A transaction cost analysis approach to P2P networks

Millions of people use online peer to peer (P2P) networks to download music files, for free, no payments involved. However, downloading a music file is often not quite so easy, as many problems may occur. The apparent free downloading of music files through a P2P network actually involves high transaction costs for the users.

We analyze P2P networks through the lens of transaction cost economics, as this theory attempts to explain why some transactions are directed in the context of a hierarchy, as opposed to taking place in an open market. We assume that a P2P network resembles the characteristics of an open market rather than that of a hierarchy. However, it can not be considered as a perfect market. The transaction costs are in fact departures from this perfection. In order to analyze these imperfections, we present an extended organizational failures framework, based on both transaction cost economics (TCE) and information economics.

Although P2P can be defined as a pure decentralized organizational form, different types can be identified with different architectures. We discuss the principles of these types in order to analyze the extent of hierarchy. We apply our extended organizational failures framework in order to find a theoretical explanation for the transaction costs that occur in P2P file transfers by identifying the determinants. Two major theoretical problem areas can cause transaction costs, which are polluted content and free riding.

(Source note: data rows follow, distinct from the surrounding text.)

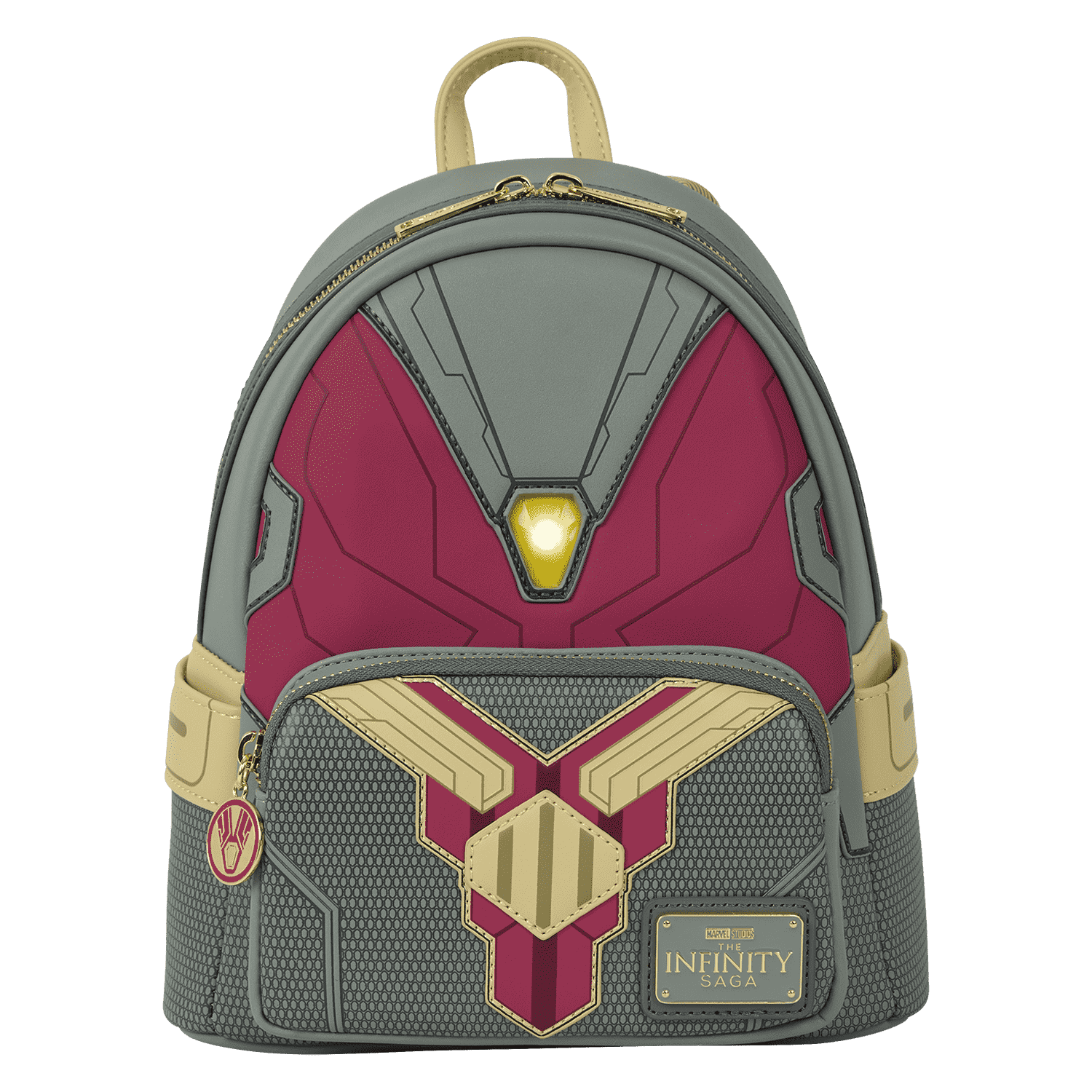 Alternative view of Marvel Exclusive Avengers Vision Light Up Cosplay Mini Backpack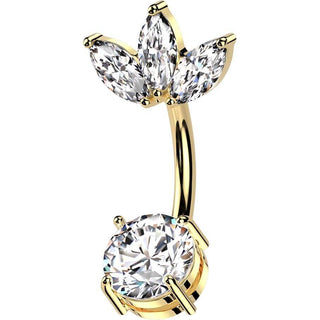 Piercing Nombril 3 zircons taillés en marquise en éventail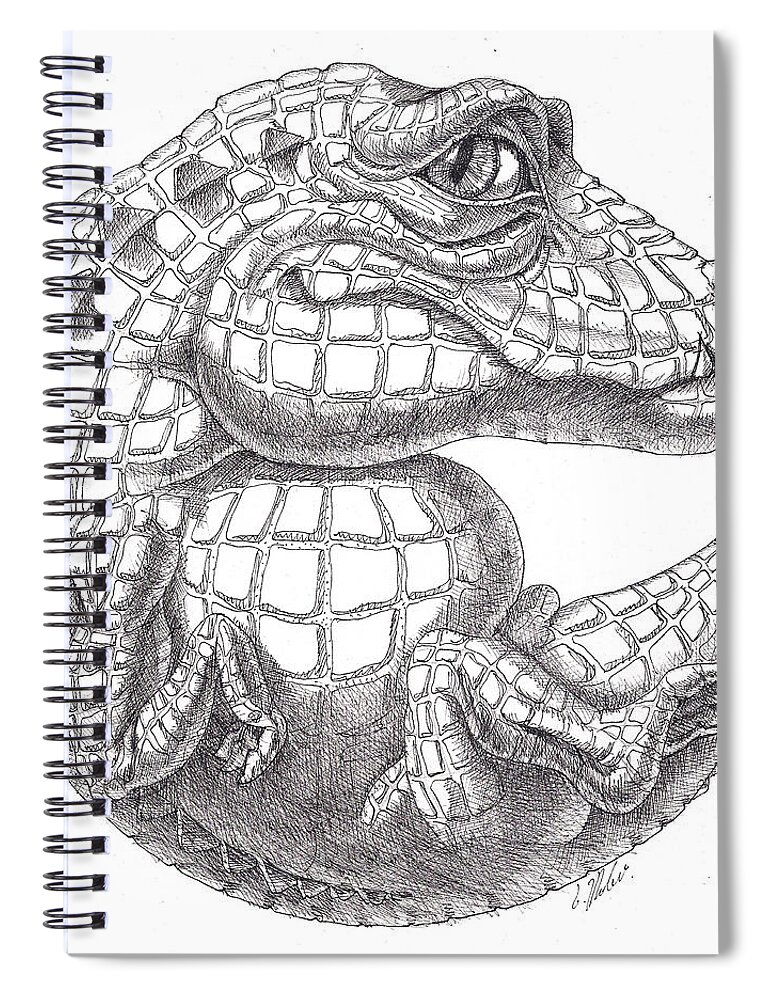 Figure Spiral Notebook featuring the drawing Crocodile by Victor Molev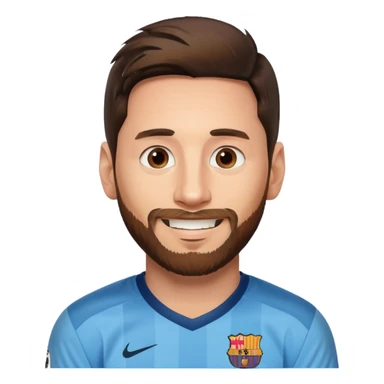 Lionel Messi with a beard sticker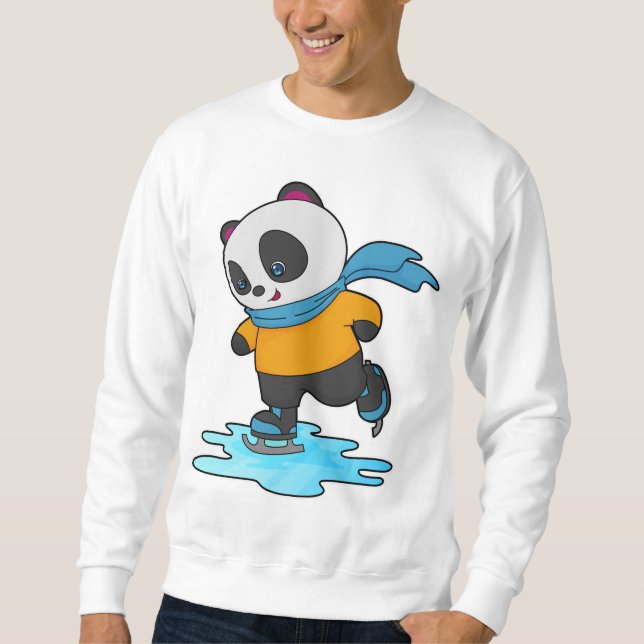 Sudadera Panda en patinaje sobre hielo con patines de hielo (Anverso)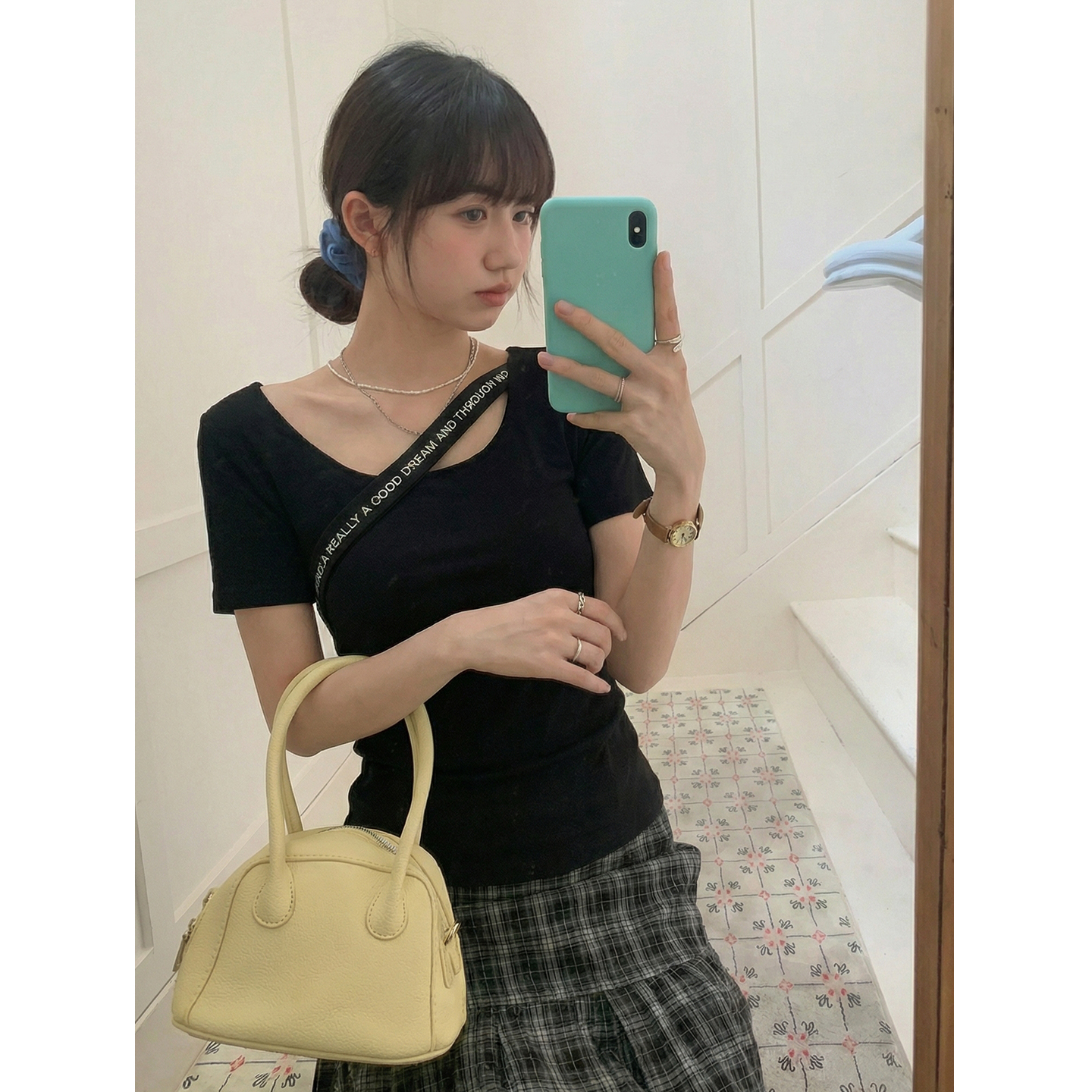 實拍實價正肩t恤女短袖夏裝2026新款墊肩露鎖骨別致上衣半袖體恤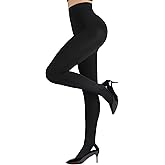 GIFTPIXIE Fleece Lined Tights for Women, Opaque Thermal Pantyhose, Thick Stretch Winter Leggings in Classic Colors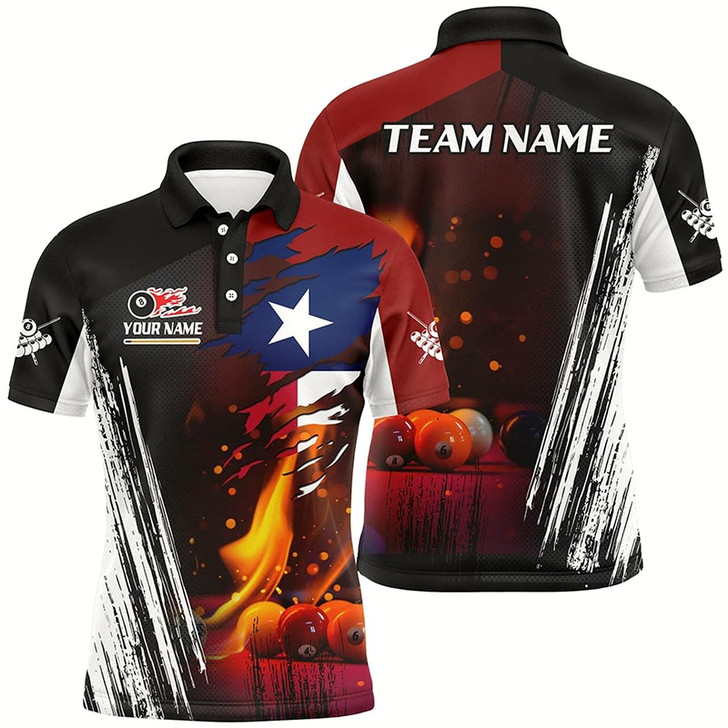 Goofygear Patriotic Texas Flag Billiard Balls Fire Flame Custom Billiard Men Polo Shirt, Billiard Team Jersey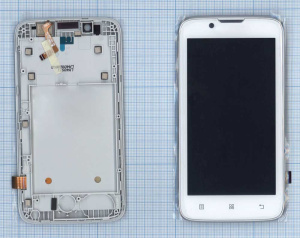Дисплей для Lenovo A328 белый с рамкой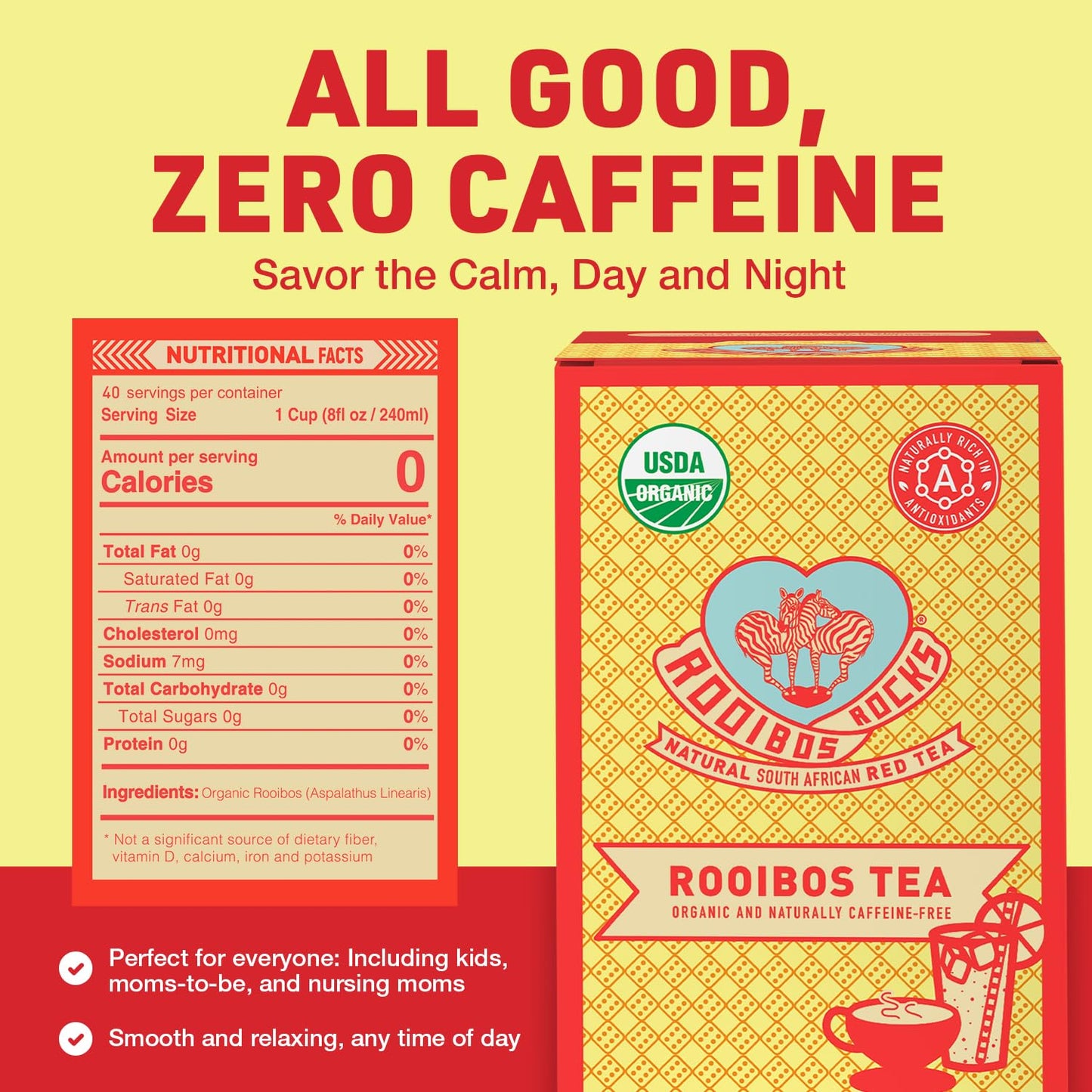 Caffeine Free Organic Rooibos Tea Bags 80 - Naturally Sweet Herbal Tea Safe for Kids & Pregnant Women – Low Tannin Premium South African Tea Red Tea - Sustainably & Ethically Farmed Red Rooibos Tea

In order to test whether these problems occur in P2P networks in practice and to identify mechanisms that prevent the defined problems and thus lower transaction costs, we present criteria that are used for an experiment in which we analyze three popular P2P networks. In this experiment, we download six different music files (three popular and three all-time favourites) with three different P2P application and present our findings in terms of experienced problems in the search and download process.

By conducting this experiment, valuable information is gained that offers more insight into the existence of theoretically defined problems in real-world P2P networks. Finally, we propose recommendations for future P2P application development by combining the identified transaction cost lowering mechanisms and theoretically analyzed determinants of the problems. We hope to contribute to the challenge of making P2P networks more economically efficient.